Description of the task:
Locate, in the data below, the line that contains "Stand-in line drawing" and the line that contains "Vibrant Red Poppy"; reproduce exactly those two lines and every line between them, nothing more.

Records shown:
※

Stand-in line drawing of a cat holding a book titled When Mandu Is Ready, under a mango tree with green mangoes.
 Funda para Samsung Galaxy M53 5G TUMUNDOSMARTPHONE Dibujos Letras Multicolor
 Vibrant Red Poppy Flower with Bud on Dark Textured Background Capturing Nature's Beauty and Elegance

※

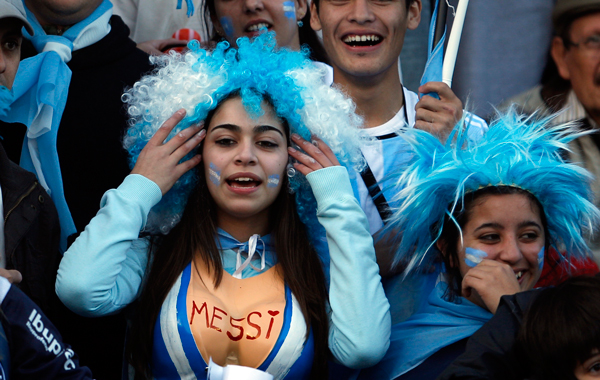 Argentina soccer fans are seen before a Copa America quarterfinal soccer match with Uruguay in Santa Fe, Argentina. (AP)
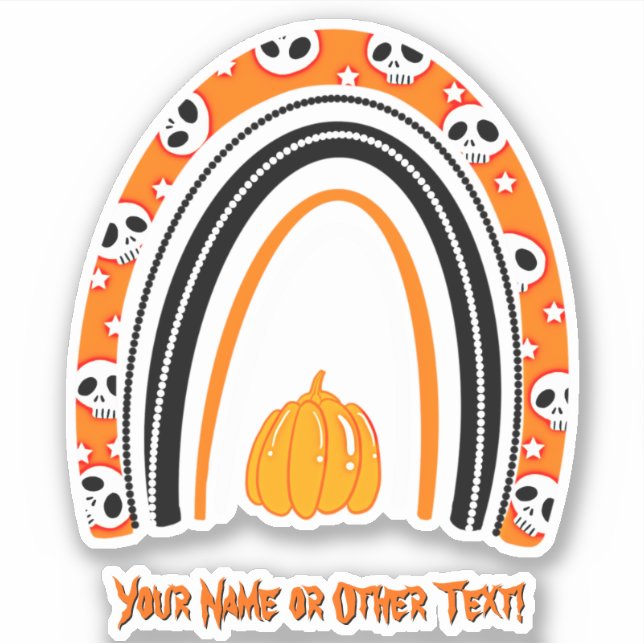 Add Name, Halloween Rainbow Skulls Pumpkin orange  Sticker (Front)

※

Solved exercise:
Stand-in line drawing of a cat holding a book titled When Mandu Is Ready, under a mango tree with green mangoes.
 Funda para Samsung Galaxy M53 5G TUMUNDOSMARTPHONE Dibujos Letras Multicolor
 Vibrant Red Poppy Flower with Bud on Dark Textured Background Capturing Nature's Beauty and Elegance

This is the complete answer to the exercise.